Le 60e anniversaire de la Déclaration Schuman : Fondation d'une gouvernance en EuropeLe colloque organisé à l’occasion du 60e anniversaire de la Déclaration Schuman du 9 mai 1950 par l’Université du Luxembourg et l’Institut Pierre Werner, avec le soutien du bureau d’information du Parlement européen, de la Représentation de la Commission européenne et d’Europaforum.lu, a débuté le 6 mai 2010 par une conférence du vicomte Etienne Davignon.

Dans sa présentation de l’intervenant, Philippe Poirier, de l’Université de Luxembourg, a évoqué les quatre moments qui ont marqué la carrière d’Etienne Davignon : le moment belge, avec sa présence, de 1964 à 1969, dans les cabinets de Paul-Henri Spaak et de Pierre Harmel, ministres des Affaires étrangères belges ; le moment européen, avec les deux rapports qu’il a remis sur la restructuration de la sidérurgie européenne mais aussi son rôle de commissaire et de vice-président de la Commission européenne de 1981 à 1985 ; le moment économique, avec le rôle qu’il a joué par la suite dans plusieurs grands groupes économiques ; et finalement le moment d’homme de réflexion et d’influence.

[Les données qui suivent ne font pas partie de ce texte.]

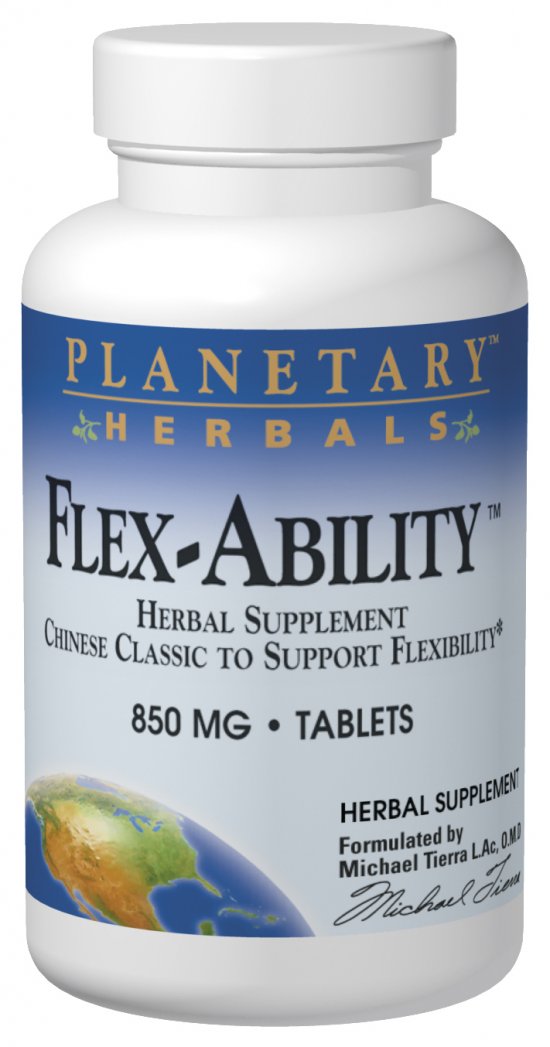 PLANETARY HERBALS: Flex-Ability 60 tabs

L’intervention d’Etienne Davignon fut précédée de la projection d’un film documentaire des années 60 sur Robert Schuman, avec des images en noir et blanc au son rayé, cahotant. Ce fut pour l’orateur l’occasion de souligner une différence d’époque entre hier et aujourd’hui, car si l’image du film était faible, le message en était fort, ce qui contraste avec les films d’aujourd’hui, dans lesquels l’image prime, mais le message est faible. Robert Schuman et Jean Monnet, les deux pères de l’Europe, manquaient singulièrement de charisme selon les critères de "l’illusion de l’apparence", de sorte qu’Etienne Davignon s’est demandé ce qui serait advenu en notre temps de leur projet.Le Vicomte Etienne Davignon

Etienne Davignon a aussi regretté que ce film n’ait pas assez montré le rôle des dirigeants luxembourgeois dans "l’épopée jamais terminée de la construction européenne". Il a parlé de la figure "agréable à voir, parce qu’elle rassurait ", de Joseph Bech, qui a mené la CECA à Luxembourg, mais qui n’était pas toujours rassuré. Il a parlé des Luxembourgeois qui sentent le mieux comment traiter Allemands et Français et qui savent que, s’il n’y a pas de communauté de vue entre ces deux pays, il n’y a pas d’avancée en Europe. Si Pierre Werner a été l’auteur du premier rapport qui esquisse en 1970 les contours de la future union monétaire, ou si Gaston Thorn et Jacques Santer ont été présidents de la Commission, c’est, à ses yeux, loin d’être un hasard. "Car l’Europe a besoin de personnes fondamentalement convaincues et prêtes à considérer les projets au-delà de l’intérêt national".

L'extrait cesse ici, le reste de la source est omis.